Reproduce the listing word for word, leaving every picture behind.

| Data excerpt |
_ _ _

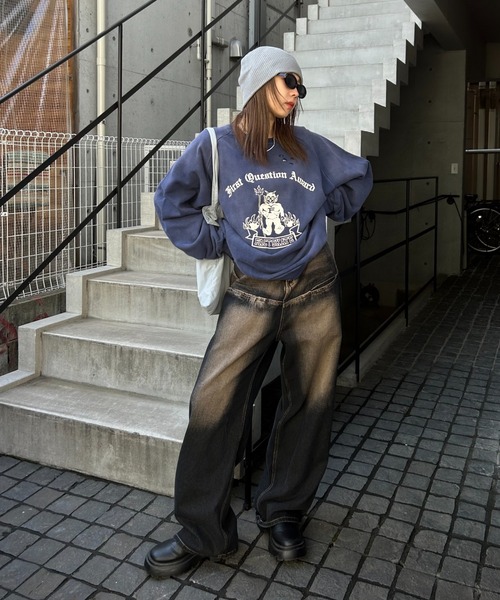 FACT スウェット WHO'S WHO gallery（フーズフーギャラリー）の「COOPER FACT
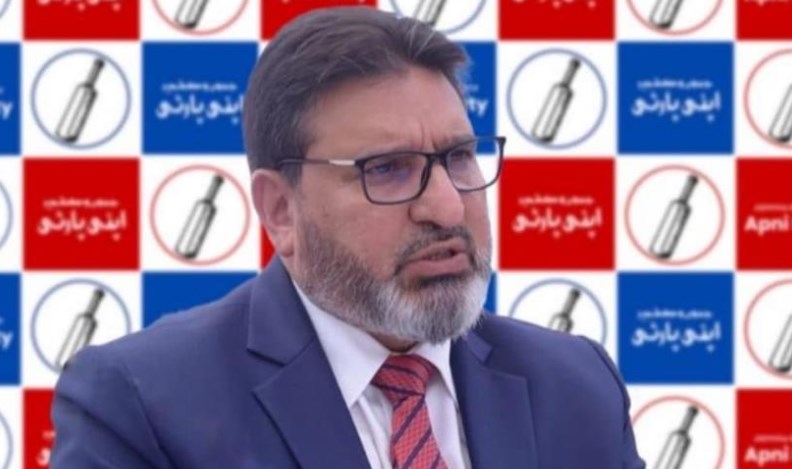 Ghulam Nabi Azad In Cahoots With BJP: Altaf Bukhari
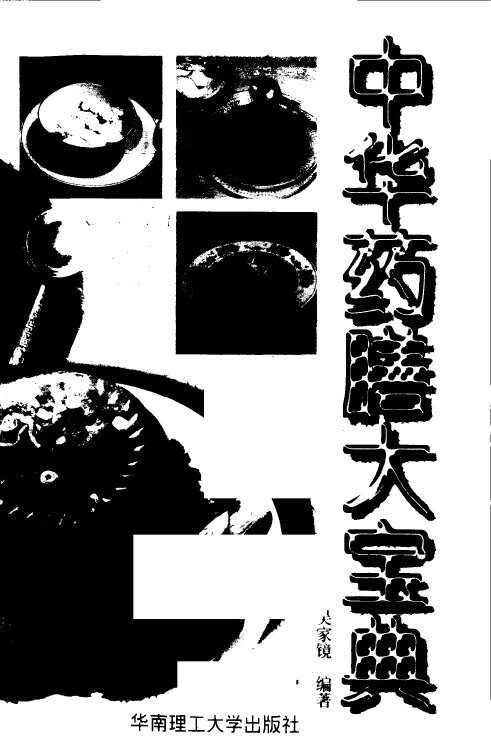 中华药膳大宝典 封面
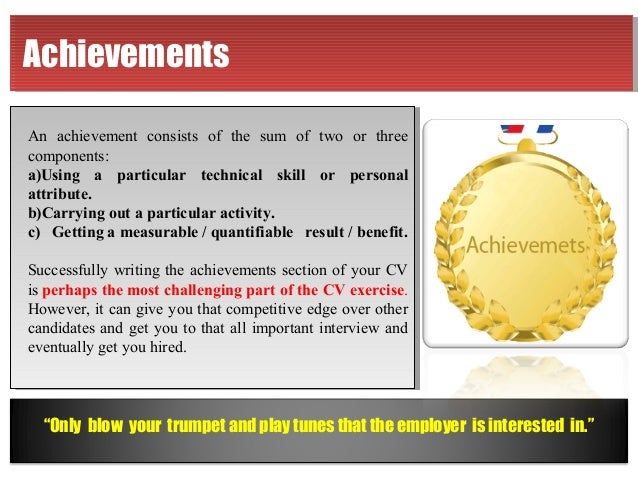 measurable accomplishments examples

_ _ _

| Answer section |
 FACT スウェット WHO'S WHO gallery（フーズフーギャラリー）の「COOPER FACT
 Ghulam Nabi Azad In Cahoots With BJP: Altaf Bukhari
 中华药膳大宝典 封面
 measurable accomplishments examples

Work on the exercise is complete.